#### [Work required]
The lines below, from the one holding "Ładowarka 100 W" through the final line, are to be copied exactly, with no other lines and no pictures.

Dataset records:
▼

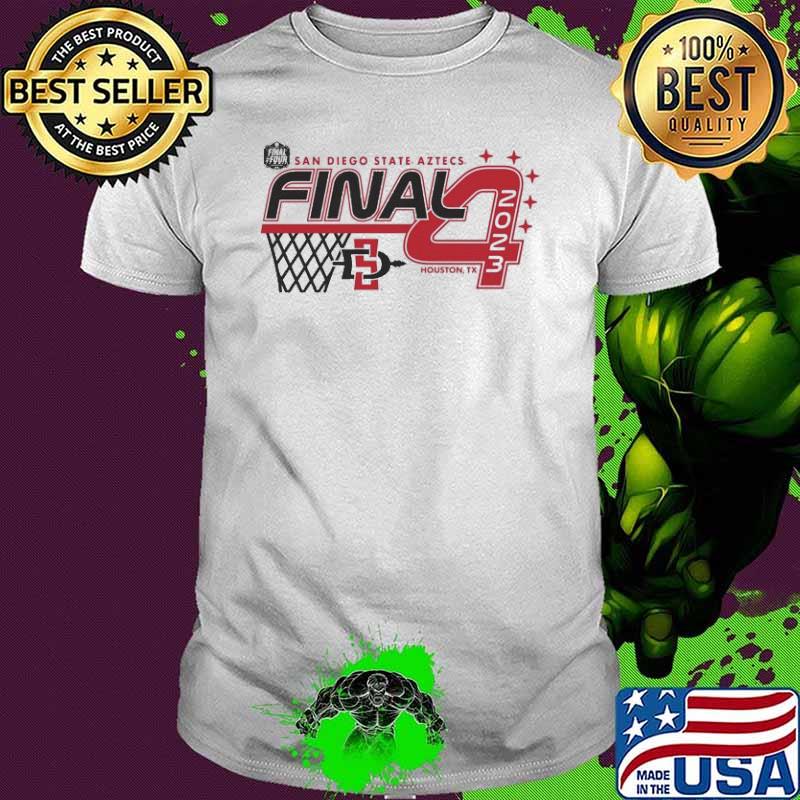 2023 NCAA Men’s Basketball Tournament March Madness Final Four San Diego State Aztecs Houston Shirt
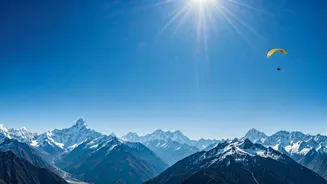 Soar High: 5 Unforgettable Paragliding Spots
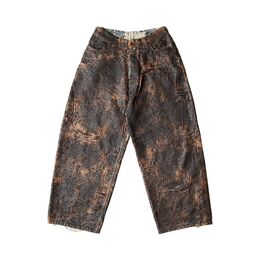 Acne Studios: Рваные джинсы 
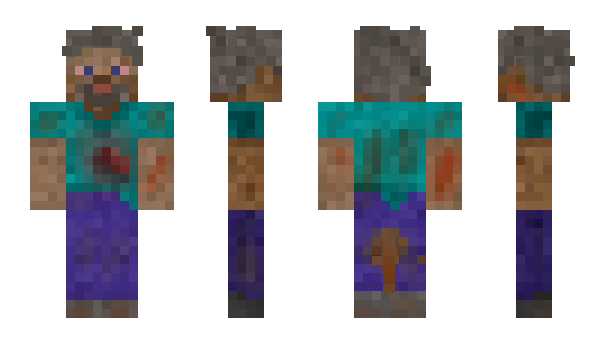 Minecraft skin Chykcha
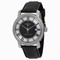 Tissot Bridgeport Black Dial Black Leather Automatic Men's Watch T0974071605300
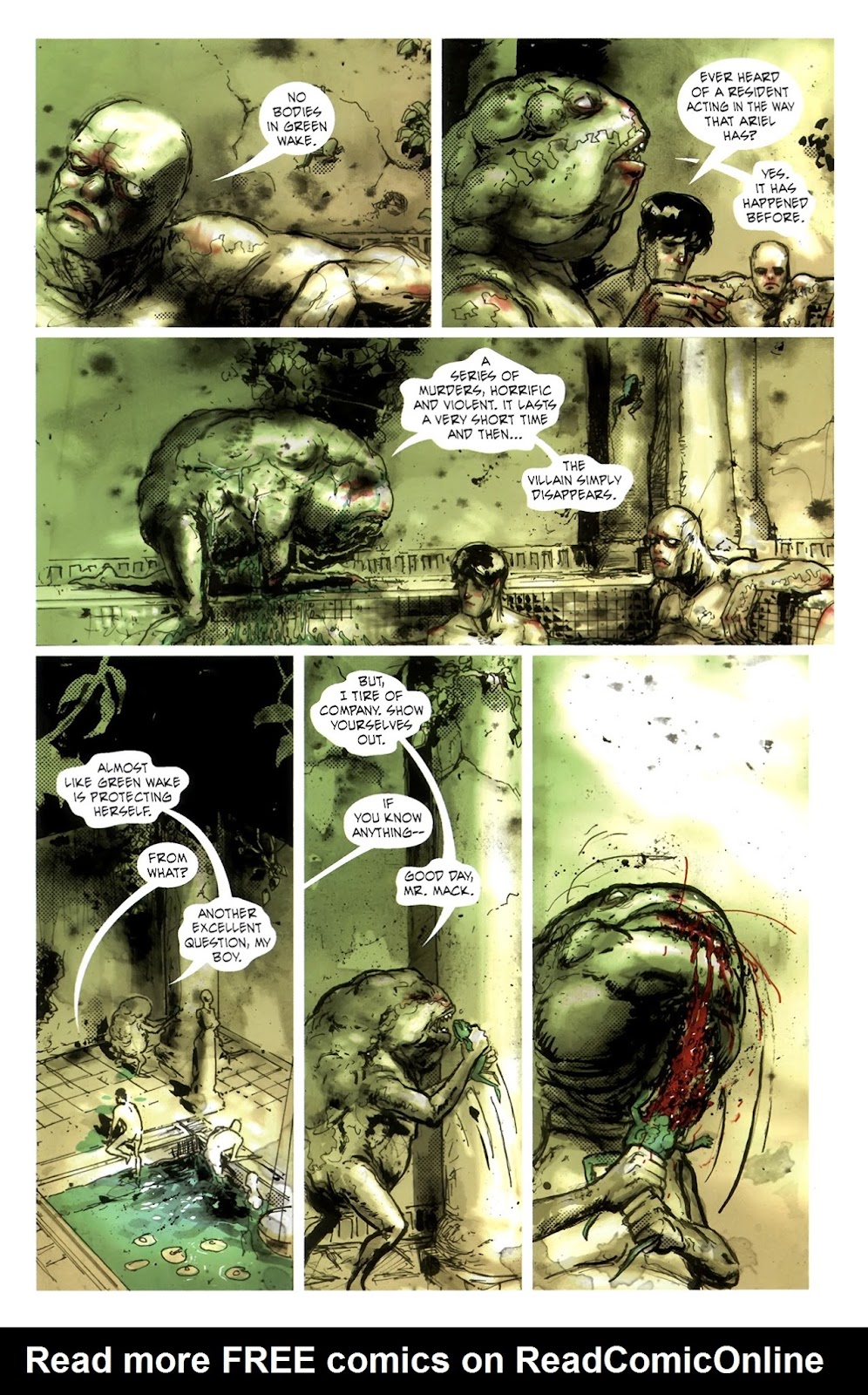 Green Wake issue 2 - Page 21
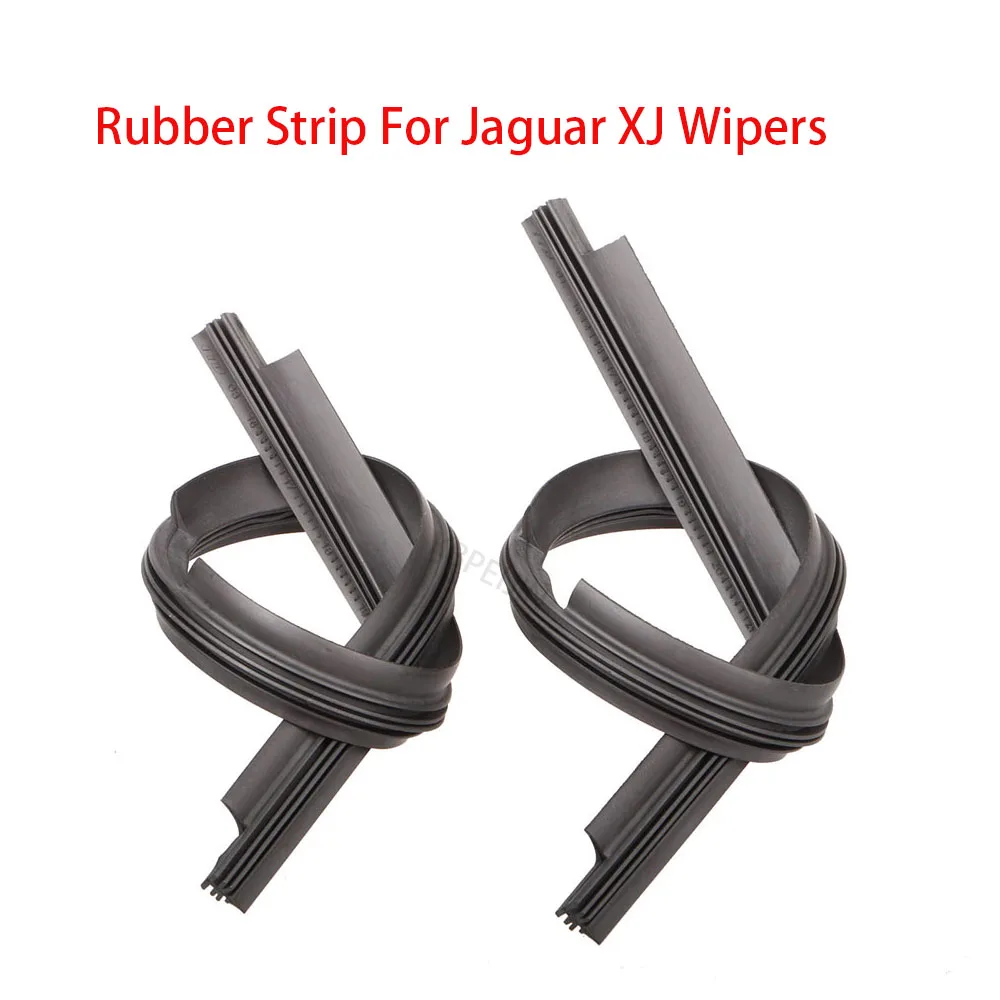 1Set Car Wiper Refill Rubber Strip 19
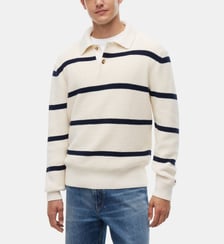 Pull de rugby structuré Tommy Hilfiger
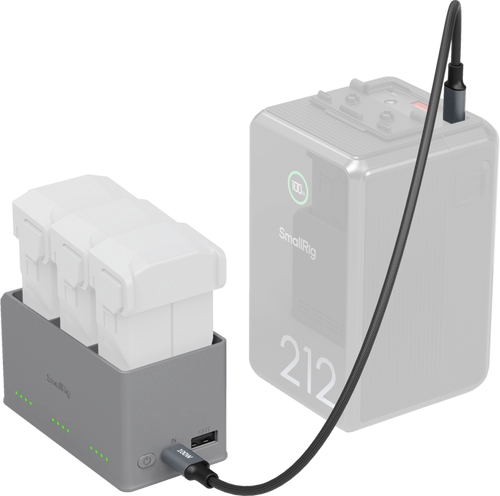 Ładowarka 100 W do DJI Mini 5 / 4 / 3 Pro SmallRig 6502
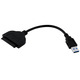 USB sata кабель для ssd переходник 3.0 адаптер 22-Pin Изображение
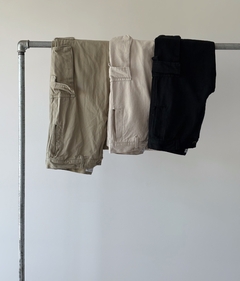 PANTALÓN CARGO RECTO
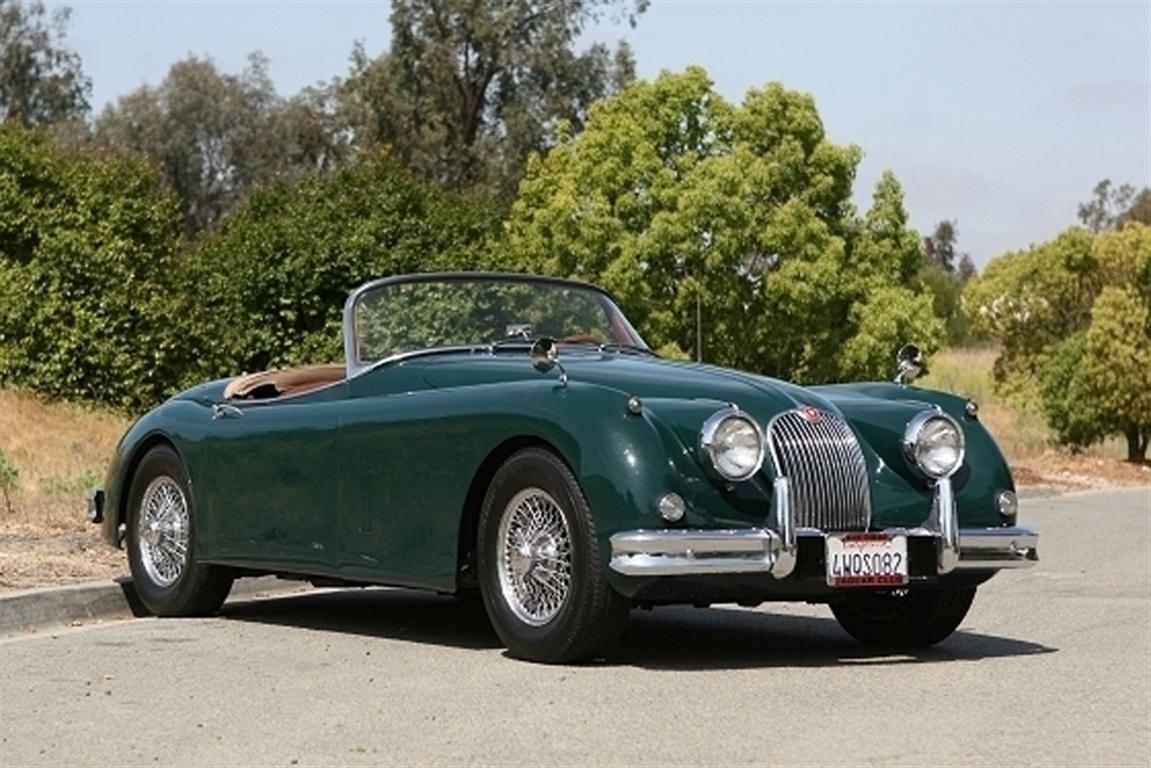 1959 Jaguar XK-150S 3.4 OTS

▲

#### [Output for this exercise]
 Ładowarka 100 W do DJI Mini 5 / 4 / 3 Pro SmallRig 6502
 USB sata кабель для ssd переходник 3.0 адаптер 22-Pin Изображение
 PANTALÓN CARGO RECTO
 1959 Jaguar XK-150S 3.4 OTS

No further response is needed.